Report how many lines contain the word "Blue" in the listing that follows. Give nothing besides the number.

- **EXERCISE MATERIALS**
========

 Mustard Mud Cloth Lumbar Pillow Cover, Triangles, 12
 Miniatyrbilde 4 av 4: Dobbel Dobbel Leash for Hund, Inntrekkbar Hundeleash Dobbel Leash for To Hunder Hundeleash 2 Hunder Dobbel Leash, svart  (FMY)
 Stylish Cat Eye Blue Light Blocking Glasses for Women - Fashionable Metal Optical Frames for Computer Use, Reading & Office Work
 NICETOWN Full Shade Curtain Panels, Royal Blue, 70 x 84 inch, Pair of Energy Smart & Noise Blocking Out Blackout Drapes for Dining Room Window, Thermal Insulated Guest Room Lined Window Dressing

========

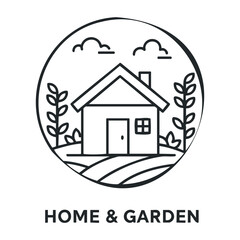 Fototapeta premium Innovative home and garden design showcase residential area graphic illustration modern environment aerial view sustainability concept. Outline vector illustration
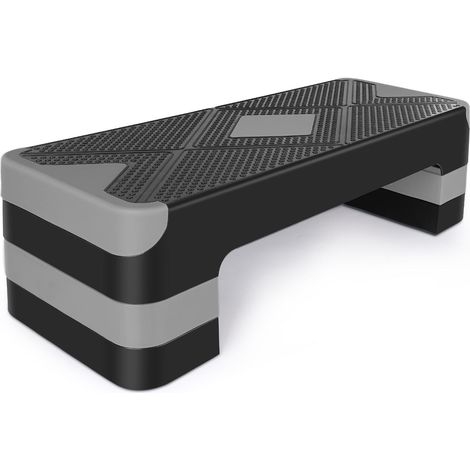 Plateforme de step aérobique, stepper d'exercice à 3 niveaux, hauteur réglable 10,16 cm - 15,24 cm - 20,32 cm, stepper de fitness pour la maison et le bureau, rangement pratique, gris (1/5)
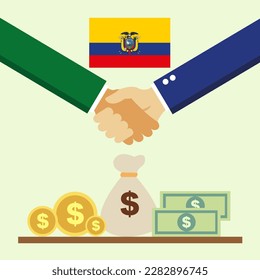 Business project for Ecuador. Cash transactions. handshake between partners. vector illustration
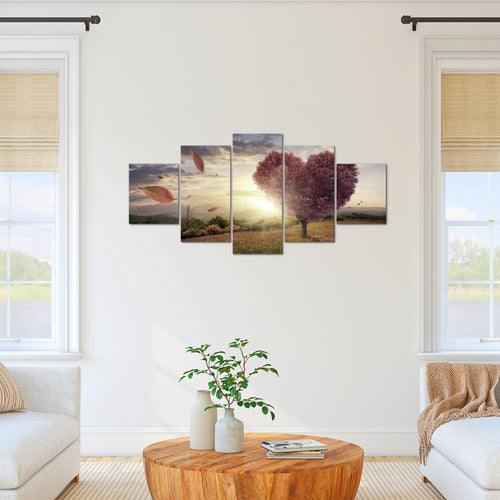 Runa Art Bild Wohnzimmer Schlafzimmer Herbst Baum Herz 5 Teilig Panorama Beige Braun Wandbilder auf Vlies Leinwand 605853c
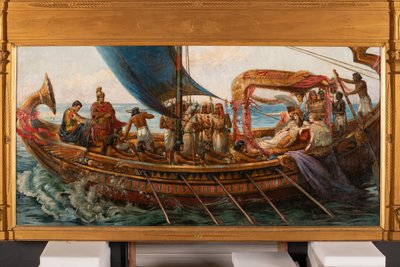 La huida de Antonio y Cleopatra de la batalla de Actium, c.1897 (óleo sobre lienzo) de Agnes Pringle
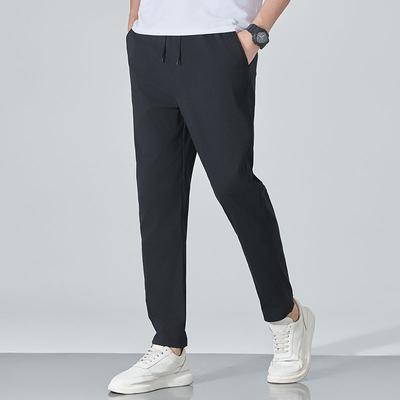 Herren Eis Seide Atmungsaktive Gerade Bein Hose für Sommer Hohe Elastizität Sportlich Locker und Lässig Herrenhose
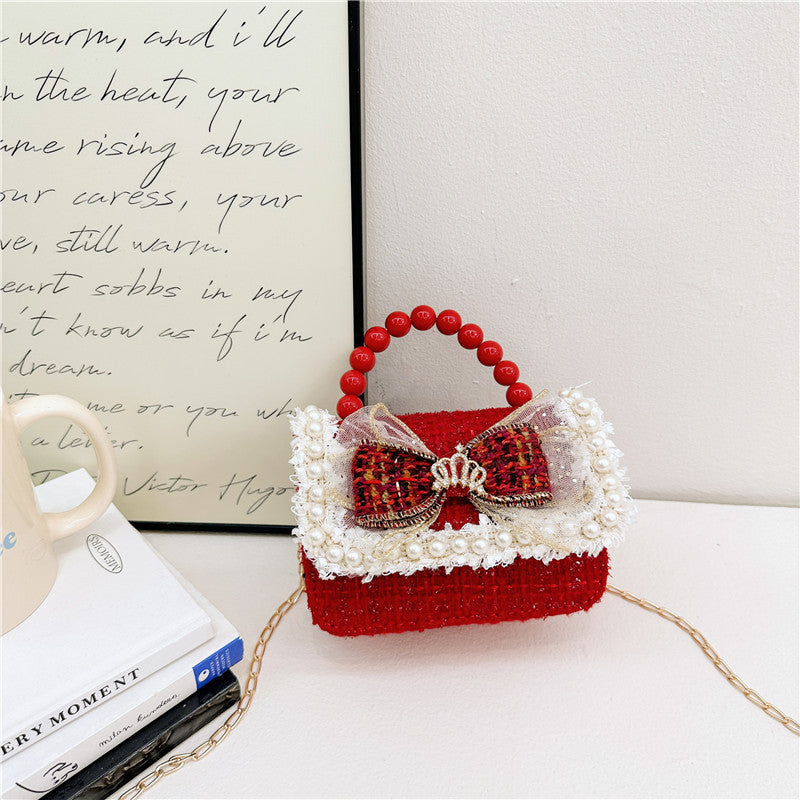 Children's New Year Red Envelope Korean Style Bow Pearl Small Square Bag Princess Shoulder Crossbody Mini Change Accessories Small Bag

========

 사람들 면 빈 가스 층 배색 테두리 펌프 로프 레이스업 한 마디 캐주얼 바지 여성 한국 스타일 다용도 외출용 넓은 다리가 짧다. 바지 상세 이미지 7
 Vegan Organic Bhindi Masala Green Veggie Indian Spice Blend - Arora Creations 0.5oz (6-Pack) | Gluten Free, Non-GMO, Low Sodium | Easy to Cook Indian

========

- **TASK ANSWER**
2